Items from a data source
☆ ☆ ☆

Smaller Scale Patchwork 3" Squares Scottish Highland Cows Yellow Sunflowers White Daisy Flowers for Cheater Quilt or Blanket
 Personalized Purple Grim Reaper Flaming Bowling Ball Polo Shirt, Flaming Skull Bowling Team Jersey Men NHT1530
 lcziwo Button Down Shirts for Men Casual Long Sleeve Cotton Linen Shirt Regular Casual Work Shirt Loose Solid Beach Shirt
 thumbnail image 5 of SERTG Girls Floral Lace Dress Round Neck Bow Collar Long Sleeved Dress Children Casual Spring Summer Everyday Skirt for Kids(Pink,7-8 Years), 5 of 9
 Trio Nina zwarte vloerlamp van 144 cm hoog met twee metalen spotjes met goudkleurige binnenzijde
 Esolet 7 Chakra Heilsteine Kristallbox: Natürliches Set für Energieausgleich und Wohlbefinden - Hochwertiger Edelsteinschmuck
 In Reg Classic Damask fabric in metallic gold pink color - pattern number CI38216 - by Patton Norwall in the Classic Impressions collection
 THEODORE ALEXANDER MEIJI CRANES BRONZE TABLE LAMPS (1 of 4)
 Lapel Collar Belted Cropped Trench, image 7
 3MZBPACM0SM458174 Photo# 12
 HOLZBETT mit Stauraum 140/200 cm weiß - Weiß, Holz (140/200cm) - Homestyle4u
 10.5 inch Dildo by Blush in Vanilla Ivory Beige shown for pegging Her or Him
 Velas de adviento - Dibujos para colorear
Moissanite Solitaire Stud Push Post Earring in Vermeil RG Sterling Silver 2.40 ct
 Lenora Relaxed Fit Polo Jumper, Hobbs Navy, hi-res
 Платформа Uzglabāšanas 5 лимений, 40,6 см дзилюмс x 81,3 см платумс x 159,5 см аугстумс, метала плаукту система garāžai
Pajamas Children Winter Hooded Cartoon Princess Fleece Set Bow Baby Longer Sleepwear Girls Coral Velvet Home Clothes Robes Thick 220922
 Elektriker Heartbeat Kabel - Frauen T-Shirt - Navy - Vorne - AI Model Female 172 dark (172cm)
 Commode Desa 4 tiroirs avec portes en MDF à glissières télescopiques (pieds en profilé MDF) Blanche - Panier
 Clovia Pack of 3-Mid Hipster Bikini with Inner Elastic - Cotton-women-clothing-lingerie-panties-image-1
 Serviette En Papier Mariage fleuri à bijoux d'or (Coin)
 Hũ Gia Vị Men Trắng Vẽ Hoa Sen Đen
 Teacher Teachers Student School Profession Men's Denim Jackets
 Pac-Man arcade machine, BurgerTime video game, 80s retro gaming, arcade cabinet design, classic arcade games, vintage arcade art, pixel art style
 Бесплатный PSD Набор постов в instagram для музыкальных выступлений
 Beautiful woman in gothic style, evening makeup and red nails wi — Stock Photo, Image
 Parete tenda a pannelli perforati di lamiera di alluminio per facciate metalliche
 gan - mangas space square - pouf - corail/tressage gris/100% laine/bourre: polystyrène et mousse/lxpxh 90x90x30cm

☆ ☆ ☆

- **What this task involves**
Start with the first line of the data and print every line exactly. The line containing "Trio Nina zwarte" is the last one to include.

- **Solution to this problem**
Smaller Scale Patchwork 3" Squares Scottish Highland Cows Yellow Sunflowers White Daisy Flowers for Cheater Quilt or Blanket
 Personalized Purple Grim Reaper Flaming Bowling Ball Polo Shirt, Flaming Skull Bowling Team Jersey Men NHT1530
 lcziwo Button Down Shirts for Men Casual Long Sleeve Cotton Linen Shirt Regular Casual Work Shirt Loose Solid Beach Shirt
 thumbnail image 5 of SERTG Girls Floral Lace Dress Round Neck Bow Collar Long Sleeved Dress Children Casual Spring Summer Everyday Skirt for Kids(Pink,7-8 Years), 5 of 9
 Trio Nina zwarte vloerlamp van 144 cm hoog met twee metalen spotjes met goudkleurige binnenzijde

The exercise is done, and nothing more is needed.